Tax-free savings accounts (TFSA) offer a wide range of benefits and mostly designed to address a certain problem that customers come across in the financial lives. As you may know, investments methods or vehicles are mainly created and designed to meet specific individual needs and expectations
As explained, the TFSA should not be viewed as one-size-fits-all solution, as an investor, you must be open to many other opportunities that presents themselves to you in the process.
With these type of investments, you are entitled to invest up to R30 000 per year into a TFSA and your contributions are capped at a lifetime limit of R500 000. The lifetime amount of R500 000 will obviously be reached after R17 years for the R30 000 investments.
When to use tax-free savings accounts
- Achieving long-term investment goals;
- Saving for retirement when your income is below the income tax threshold, and you’ll consequently not enjoy any personal income tax relief from contributions made to retirement funds;
- Topping up retirement savings over and above the maximum amount per annum (namely R350 000) that one can receive tax breaks on.
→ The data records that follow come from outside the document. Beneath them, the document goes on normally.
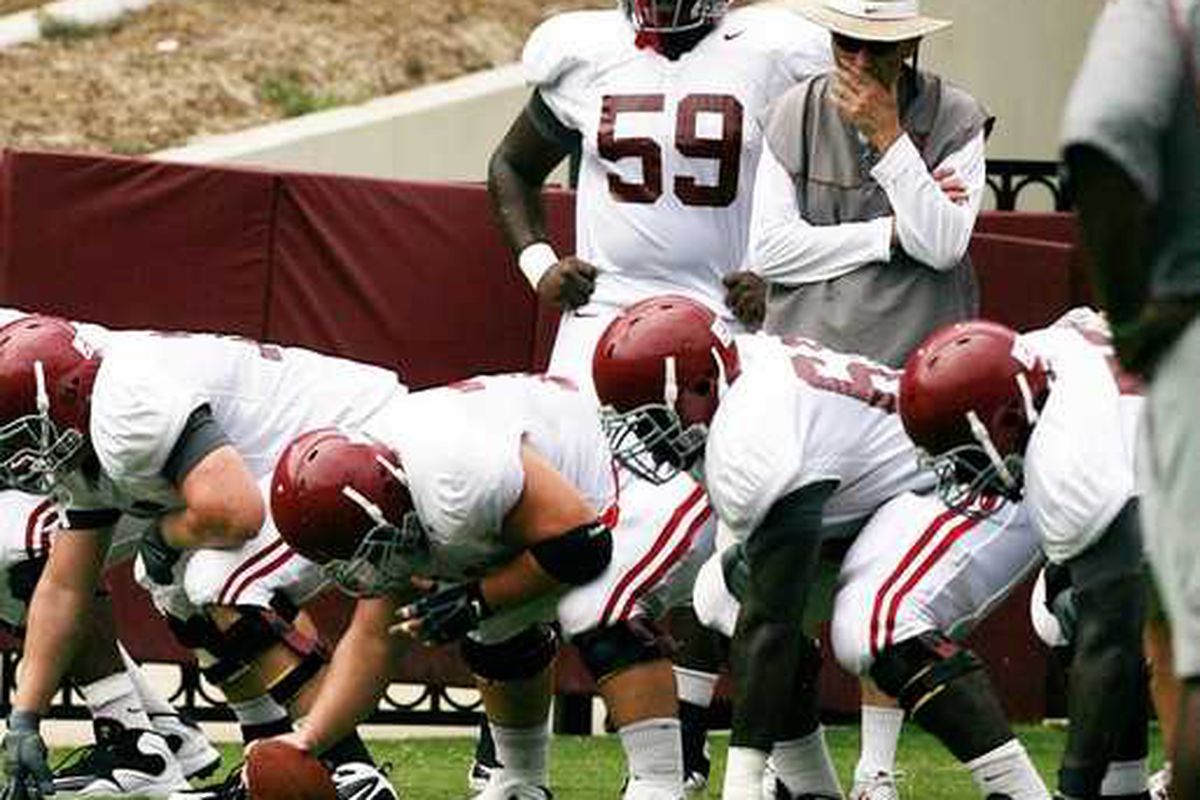 Assistant coach Joe Pendry works with the offensive line before scrimmaging at Bryant Denny Stadium on Saturday, Aug. 14, 2010. (Michelle Lepianka Carter | Tuscaloosa News)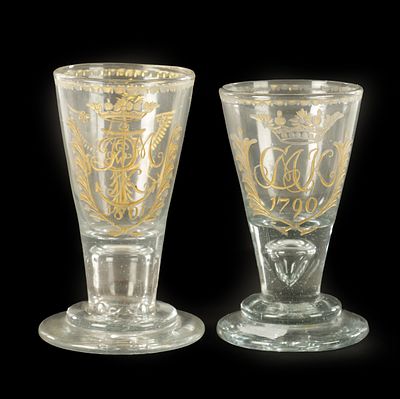 A GRADUATED PAIR OF GEORGE III SQUAT RUMMERS INITIALLED AND DATED 1790 &amp; 1801 the tapered 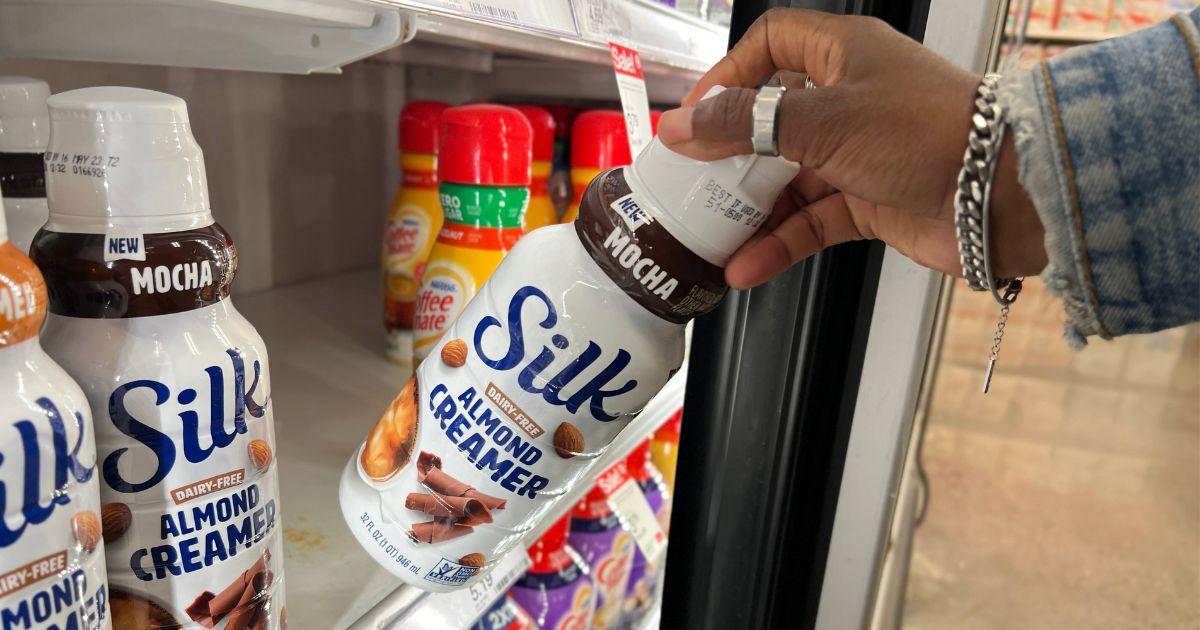 hand grabbing Silk Almond Creamer from store refrigerator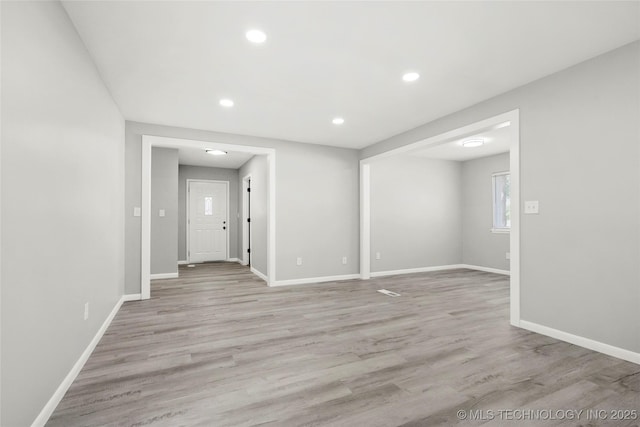 11607 E 24th St, Tulsa, OK 74129 - unfurnished room with baseboards, light wood-style flooring, and recessed lighting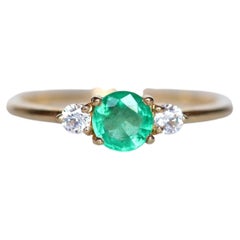 Round Emerald and Diamond Three-Stone Ring in 18K Yellow Gold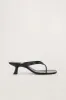 Beep Thong In Black Patent sold by Simon Miller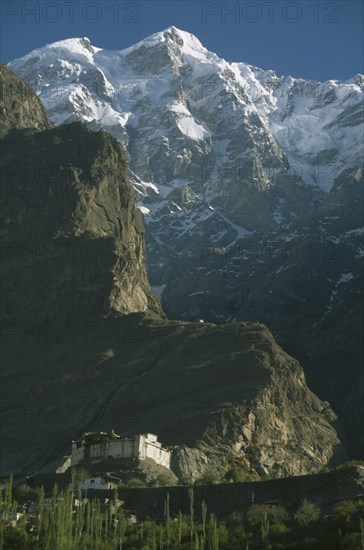 PAKISTAN, Northern Areas, Hunza Valley, "Baltit  Fort built on a cliff side with snow covered peaks of Ultar Sar mountain behind.  Original foundations thought to be 800 years old, restoration completed in 1996."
Given that most South Africans are under-funded for retirement, there is a need for most working people to play catch up and contribute more than the deductible limits in retirement funds.
- Saving for retirement when you are uncertain about your long-term income or job security and may therefore need to access the capital if you become unemployed;
- Saving for retirement if you are uncertain whether you will emigrate, in which case you may want to realise the investment to expatriate your capital should you leave.